WHAT TO DO:
Set the material down again exactly, line by line, skipping each picture.

DATA SECTION:
==*==

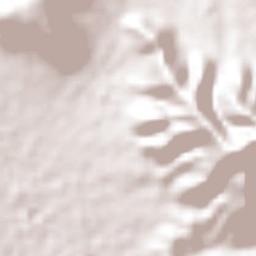 Tecamachalco Terrain Map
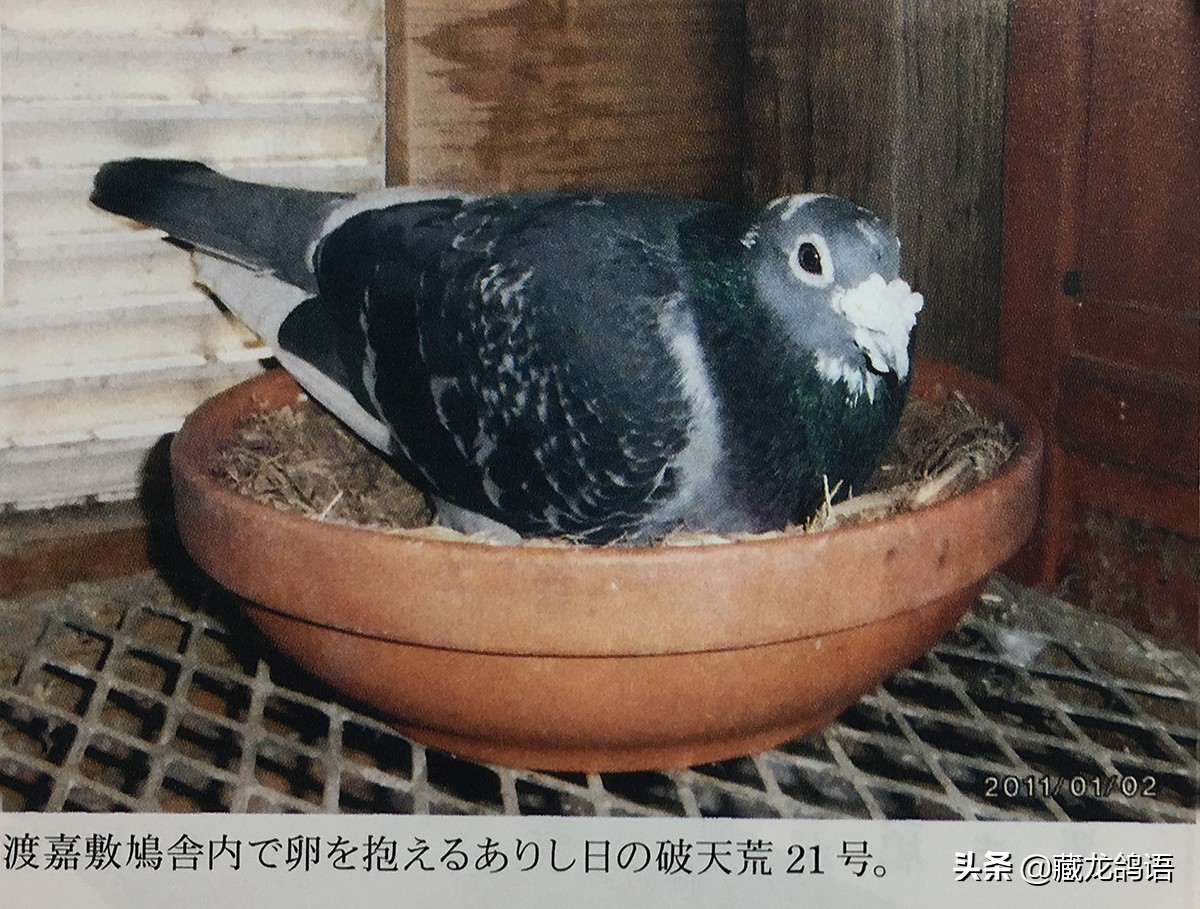 一份日本翔圣的赛鸽育种回忆录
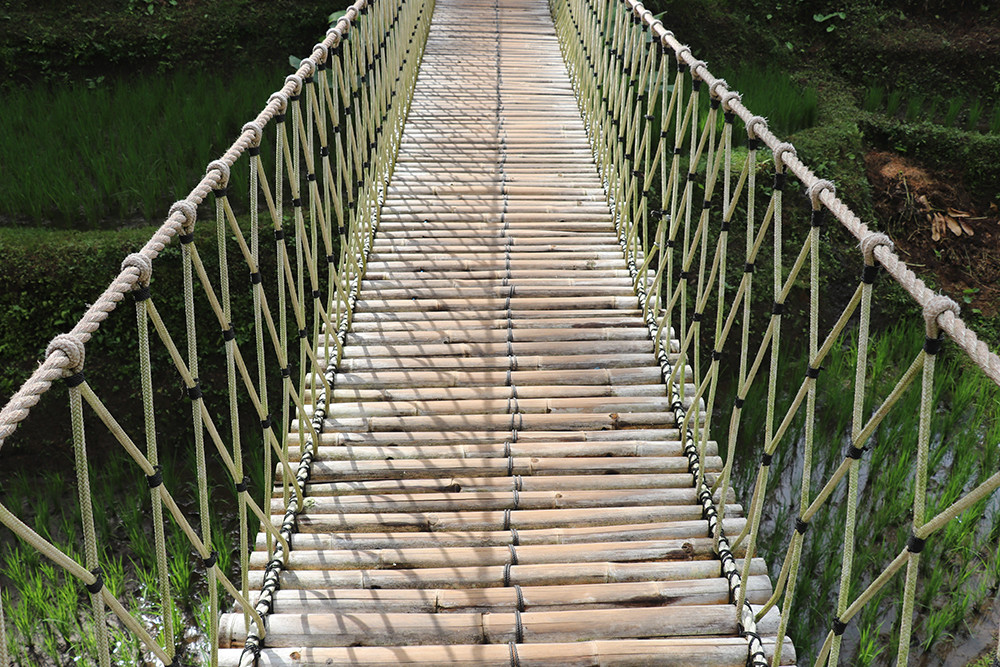 Bridge at Tegallalang Rice Terraces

==*==

RESPONSE TO THE EXERCISE:
 Tecamachalco Terrain Map
 一份日本翔圣的赛鸽育种回忆录
 Bridge at Tegallalang Rice Terraces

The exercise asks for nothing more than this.